---------- RECORDS SHOWN

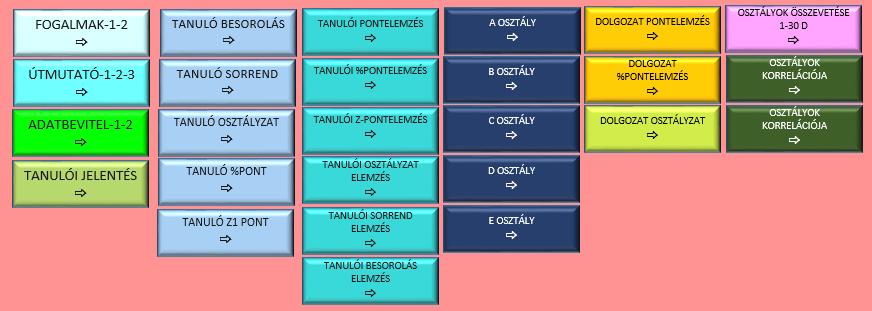 TANULÓK, OSZTÁLYOK, ÉVFOLYAMOK DOLGOZATAINAK ÖSSZESÍTŐ ELEMZŐJE Ez a miniprogram az egyéni (tanulói), a csoport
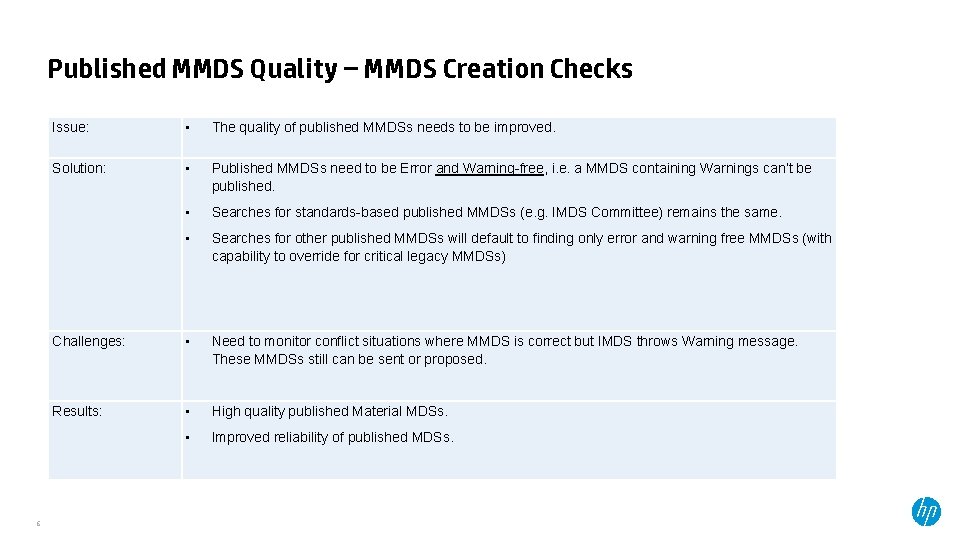 Published MMDS Quality – MMDS Creation Checks 6 Issue: • The quality of published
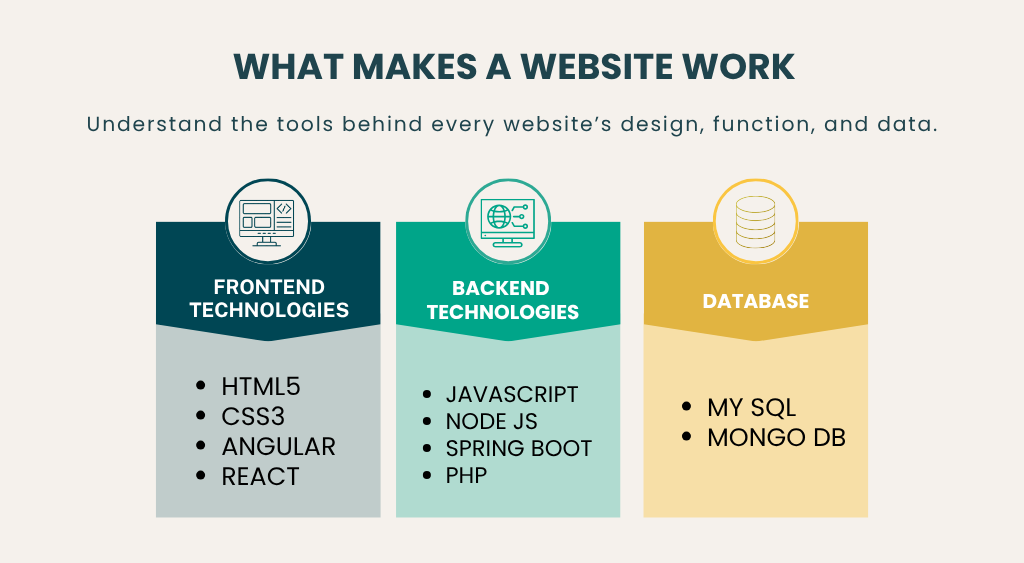 What makes a website work?
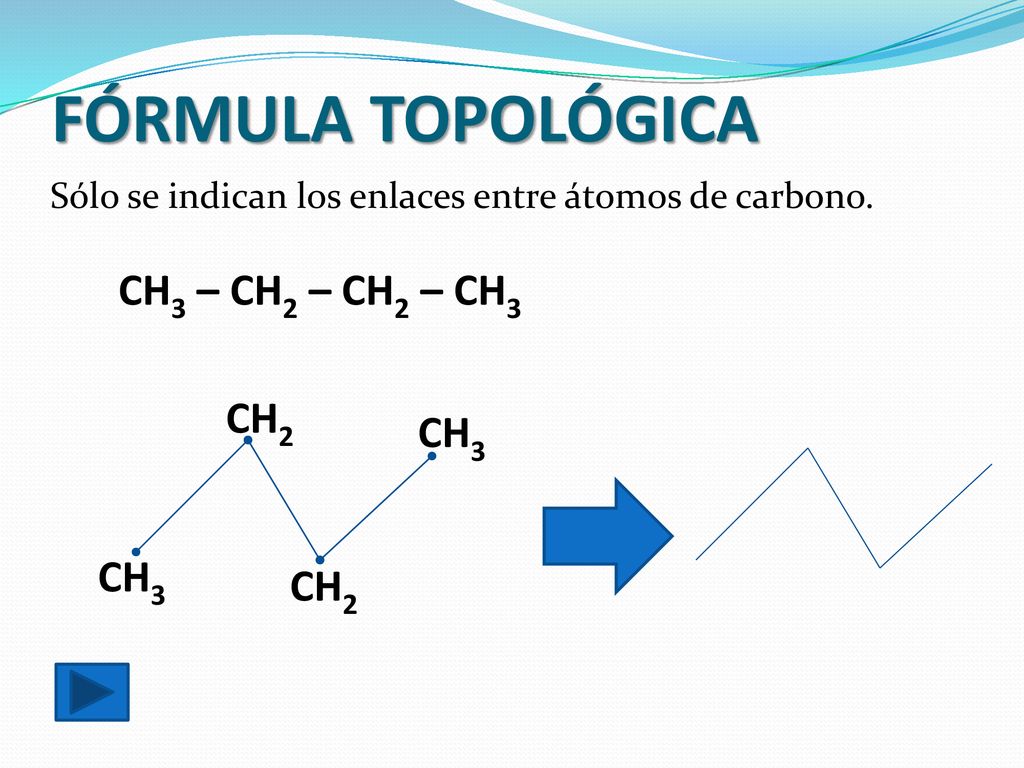 FÓRMULA TOPOLÓGICA CH3 – CH2 – CH2 – CH3 CH2 CH3 CH3 CH2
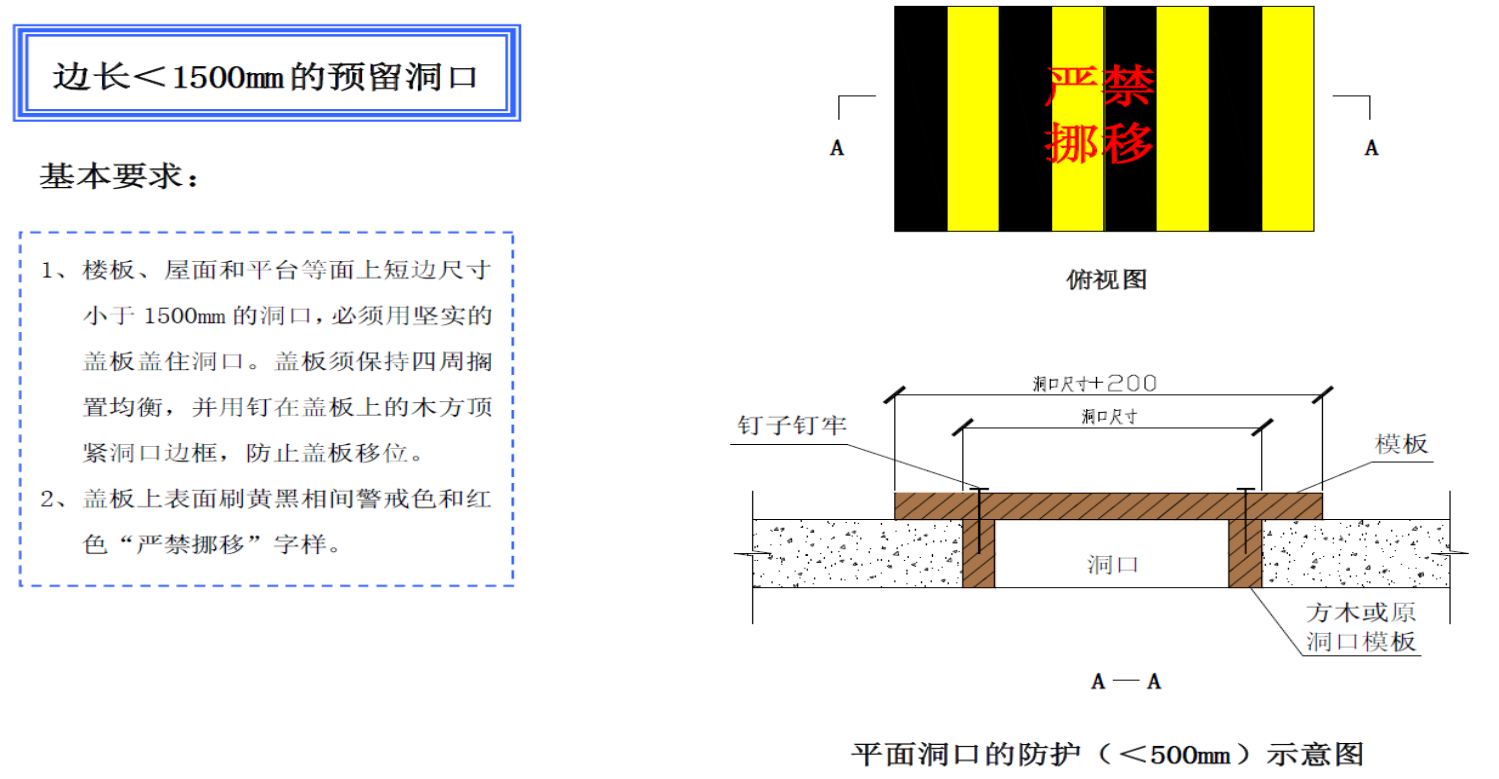 临边防护栏杆的规定图图片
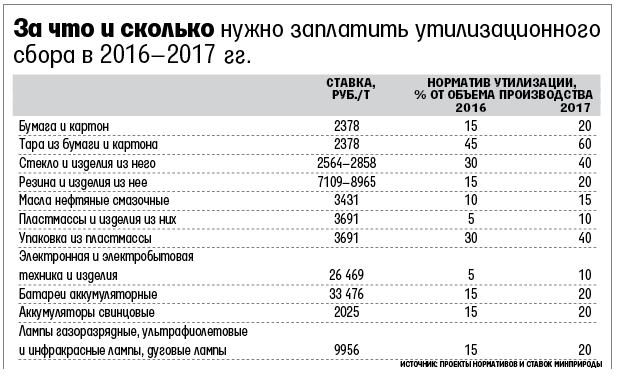 Усн должны перечислять экологическую плату за мусор, магазин 220 вт в нефтекамске и письмо на изготовление спецодежды Усн должны перечислять экологическую плату за мусор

--------------------

REQUIREMENT » What is needed is an exact transcription of every entry, minus the pictures.

YOUR RESPONSE »
 TANULÓK, OSZTÁLYOK, ÉVFOLYAMOK DOLGOZATAINAK ÖSSZESÍTŐ ELEMZŐJE Ez a miniprogram az egyéni (tanulói), a csoport
 Published MMDS Quality – MMDS Creation Checks 6 Issue: • The quality of published
 What makes a website work?
 FÓRMULA TOPOLÓGICA CH3 – CH2 – CH2 – CH3 CH2 CH3 CH3 CH2
 临边防护栏杆的规定图图片
 Усн должны перечислять экологическую плату за мусор, магазин 220 вт в нефтекамске и письмо на изготовление спецодежды Усн должны перечислять экологическую плату за мусор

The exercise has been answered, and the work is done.